Sayın Başbakan'ın "atanmış-seçilmiş" ayrımını en katı şekilde kendi personellerine uygulayan bu iki bakandı. Atanamayan, eş tayinleri, tatil süreleri, ek ders ücretleri (abartıyla) tartışma konusu yapılan öğretmenlerle tam gün yasası ile -ki Anayasa Mahkemesi'nin iptal kararına rağmen uymayacağını açıkça deklare eden- doktorları hayli üzen ve işi alo şikayet hattına kadar götüren iki bakan, kendi personelleri arasında bir "oh be" çektirmek için kızağa çekilmiş olabilirler. Ancak sırf bu gerekçe revizyon için yeterli değildir.
Kültür Bakanı Ertuğrul Günay ise kökeni sebebi ile ne Musa'ya ne İsa'ya yaranamadığından koltuğundan olmuş olabilir. Solun önemli isimlerinden birinin sağ bir partiden aday gösterilmesi ne kadar sol oy toplayabilir ki? (Sağ seçmende oluşan antipatiye değer mi?) Ancak bu gerekçe de tek başına yeterli değil.
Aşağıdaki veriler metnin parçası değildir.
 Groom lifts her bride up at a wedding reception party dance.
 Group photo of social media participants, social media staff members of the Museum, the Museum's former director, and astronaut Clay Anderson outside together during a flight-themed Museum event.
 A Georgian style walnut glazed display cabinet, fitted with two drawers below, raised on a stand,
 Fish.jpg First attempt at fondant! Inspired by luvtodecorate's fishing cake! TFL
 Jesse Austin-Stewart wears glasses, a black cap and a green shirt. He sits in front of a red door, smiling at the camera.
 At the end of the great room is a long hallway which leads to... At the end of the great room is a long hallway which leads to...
Asıl önemli değişiklik İçişleri Bakanının değiştirilmesidir. Terörle mücadelede son derece başarılı sonuçlar alınan bir dönemde, koltuğa atandığı günden beri gafları ile vurulmaya çalışılan İçişleri Bakanı, umarım İmralı süreci diye adlandırılan görüşmelere kurban gitmemiştir. Devir teslim sırasında yaşananlar, koltuğundan edilen bir bakanın kırılması görüntülerinden ziyade Ak Parti vizyonunda ciddi bir kırılmanın göstergesidir.
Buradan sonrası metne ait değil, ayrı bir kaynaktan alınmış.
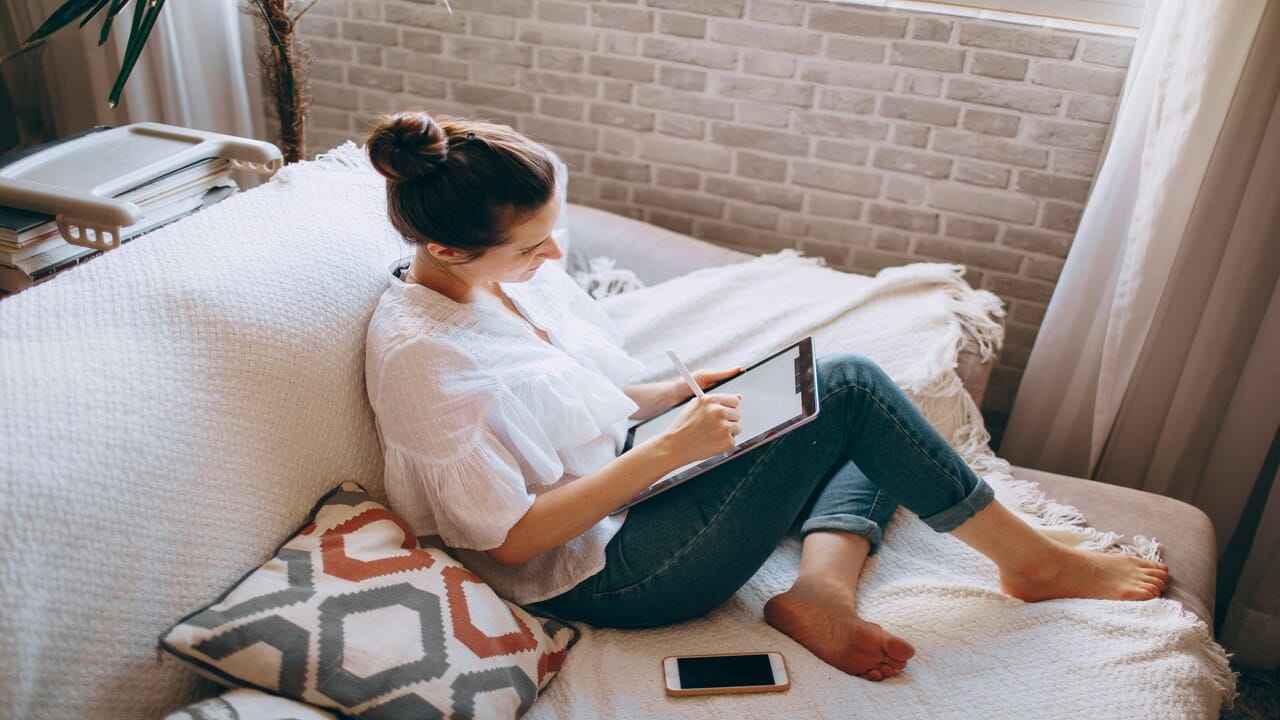 A woman writing at home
Öyle görünüyor ki asıl yapılmak istenen değişiklik İçişleri Bakanlığındadır ve diğer üç bakanlık koltuğu bu değişikliği peçeleme amacıyla yapılmıştır. İçişleri Bakanlığında yapılan revizyon aslında Ak Parti'nin terör başta olmak üzere yeni re-vizyonun ipuçlarını veriyor.